Hitzeschlacht: Heilbronner Gefängnis füllt Glühwein ab

Glühwein-Abfüllung - jetzt und bei diesen Temperaturen? Gefangene und Bedienste der JVA-Außenstelle in Talheim (Kreis Heilbronn) lieferten sich heute eine Hitzeschlacht für die kalte Jahreszeit. Sie befüllten auf dem Hohrainhof rund 3.000 Flaschen mit Glühwein. An der Außenstelle der JVA wird Wein seit vielen Jahrzehnten von Gefangenen unter Anleitung angebaut. Sie begannen mit dem Abfüllen schon um 7 Uhr, um der größten Hitze aus dem Weg zu gehen. Dennoch sei allen der Schweiß gelaufen, sagte Weinbautechnikerin Karolin Bubeck dem SWR.

Abfüllung des Glühweins im August 2026
Dass der Glühwein schon Anfang August abgefüllt werde, habe mehrere Gründe, erklärt Weinbautechnikerin Bubeck. Einer davon: Der Hohrainhof habe keine eigene Abfüllanlage, deshalb komme ein Dienstleister mit einer mobilen Maschine auf einem Lkw. Der habe nur begrenzt Zeit. JVA Heilbronn

Brand in Wiesloch: Feuerwerkskörper schuld?

In Wiesloch (Rhein-Neckar-Kreis) musste die Feuerwehr einen kleineren Flächenbrand am südlichen Stadtrand löschen. In unmittelbarer Nähe hatten laut Polizei drei Jugendliche Feuwerwerkskörper gezündet. Ob sie das Feuer verursacht hätten, sei allerdings unklar. Mitarbeitende des Heidelberger Haus des Jugendrechts haben die Ermittlungen übernommen.

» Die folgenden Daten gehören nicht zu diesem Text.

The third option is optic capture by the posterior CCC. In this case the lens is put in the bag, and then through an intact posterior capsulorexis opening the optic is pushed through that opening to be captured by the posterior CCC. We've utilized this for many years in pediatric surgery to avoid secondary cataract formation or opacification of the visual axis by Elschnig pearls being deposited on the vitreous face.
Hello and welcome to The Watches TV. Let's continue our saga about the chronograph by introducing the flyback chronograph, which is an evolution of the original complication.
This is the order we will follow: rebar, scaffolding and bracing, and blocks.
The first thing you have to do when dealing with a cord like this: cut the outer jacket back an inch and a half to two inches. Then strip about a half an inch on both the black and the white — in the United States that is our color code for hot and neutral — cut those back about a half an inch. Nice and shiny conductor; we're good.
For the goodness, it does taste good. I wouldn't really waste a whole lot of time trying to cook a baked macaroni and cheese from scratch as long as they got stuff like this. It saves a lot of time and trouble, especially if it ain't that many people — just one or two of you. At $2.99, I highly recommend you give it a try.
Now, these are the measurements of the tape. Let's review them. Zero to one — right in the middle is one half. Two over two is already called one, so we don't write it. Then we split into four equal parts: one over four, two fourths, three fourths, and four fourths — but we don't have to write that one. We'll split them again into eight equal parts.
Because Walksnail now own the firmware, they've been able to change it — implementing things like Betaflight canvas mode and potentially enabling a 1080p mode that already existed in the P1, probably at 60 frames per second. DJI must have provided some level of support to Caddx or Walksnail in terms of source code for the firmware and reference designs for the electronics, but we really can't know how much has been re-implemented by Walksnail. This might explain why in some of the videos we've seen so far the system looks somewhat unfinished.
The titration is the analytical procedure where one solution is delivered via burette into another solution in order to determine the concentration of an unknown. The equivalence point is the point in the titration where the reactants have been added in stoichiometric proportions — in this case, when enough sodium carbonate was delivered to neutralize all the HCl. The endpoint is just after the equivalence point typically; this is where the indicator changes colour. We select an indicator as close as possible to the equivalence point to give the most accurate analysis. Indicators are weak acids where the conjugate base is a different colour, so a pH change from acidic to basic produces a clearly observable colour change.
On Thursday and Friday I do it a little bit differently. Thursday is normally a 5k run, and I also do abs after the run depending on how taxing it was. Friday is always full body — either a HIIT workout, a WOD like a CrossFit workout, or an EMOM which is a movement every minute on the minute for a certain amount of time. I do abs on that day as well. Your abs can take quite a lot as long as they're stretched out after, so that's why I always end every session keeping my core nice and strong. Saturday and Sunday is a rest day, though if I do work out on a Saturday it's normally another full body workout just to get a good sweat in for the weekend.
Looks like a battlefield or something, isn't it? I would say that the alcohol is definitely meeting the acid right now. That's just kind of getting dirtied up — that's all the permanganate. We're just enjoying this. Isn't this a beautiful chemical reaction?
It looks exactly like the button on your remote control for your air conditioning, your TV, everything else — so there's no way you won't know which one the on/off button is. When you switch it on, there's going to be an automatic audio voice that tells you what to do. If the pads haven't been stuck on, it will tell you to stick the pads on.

Offenburg rechtfertigt sich für schlechtes Abschneiden bei Hitze-Check

Die Stadt Offenburg wehrt sich gegen den Vorwurf, seine Bewohner zu wenig gegen die Hitze zu schützen. In einem Hitze-Check der Deutschen Umwelthilfe hatte die Stadt den letzten Platz unter 195 deutschen Städten belegt. Einer der Gründe dafür ist, dass es kaum Bäume gibt, die höher als 2,50 Meter sind. Die Klimaanpassungmanagerin der Stadt Alexandra Rohmer sagte, junge Bäume, die als Ersatz für alte erkrankte Bäume gesetzt worden seien, seien nicht im Check berücksichtigt worden. Aus ihrer Sicht verständlich, weil diese noch keine so gute Verschattung brächten wie alte Bäume. "Aber es ist nicht so, dass wir viel weniger Bäume in Offenburg haben, sondern jüngere", so Rohmer.

Update zu Waldbränden im Ortenaukreis

Derzeit bekämpfen Einsatzkräfte der Feuerwehr zwei Waldbrände im Ortenaukreis. Wir haben gerade schon dazu berichtet. Die Brände befinden sich nach Angaben der Polizei in Zell am Harmersbach und an der B 33 zwischen Biberach und Haslach. Auf der Bundesstraße verlangsamten die Beamten aus Sicherheitsgründen den Verkehr, eine Straße in der Nähe wurde gesperrt. In Zell am Hamersbach sei wegen der Einsatzmaßnahmen die L 94 zwischen Kreisverkehr Zeller Straße/Eisensprung und Hauptstraße/Unterentersbacher Straße gesperrt, so die Polizei weiter. An beiden Orten soll ein Polizeihubschrauer eingesetzt werden, um die Einsatzkräfte der Feuerwehr zu unterstützen und auszuschließen, dass sich in den betroffenen Wäldern Wanderer und Freizeitsportler aufhielten. Die Ursachen der Brände sind derzeit noch unklar.

In Steinach und Zell am Harmersbach (beides Ortenaukreis) gibt es aktuell Waldbrände. Das Landratsamt des Ortenaukreises warnt deshalb die Bevölkerung. Die Feuerwehr sei bereits im Einsatz.
Die Feuerwehr bekämpft derzeit zwei Waldbrände im Ortenaukreis. kamera24.tv

Behörden warnen vor Waldbränden im Ortenaukreis

In Biberach und Zell am Harmersbach (beides Ortenaukreis) gibt es aktuell Waldbrände. Das Landratsamt des Ortenaukreises warnt deshalb die Bevölkerung. Menschen sollten das betroffene Gebiet meiden, hieß es in einer Mitteilung. Zufahrten zu den Einsatzstellen müssten freigehalten werden. "Achten Sie auf Durchsagen von Polizei und Feuerwehr", so die Behörden weiter. Anwohnende sollten Lüftungsgeräte ausschalten und die Fenster schließen. Die Feuerwehr sei bereits im Einsatz.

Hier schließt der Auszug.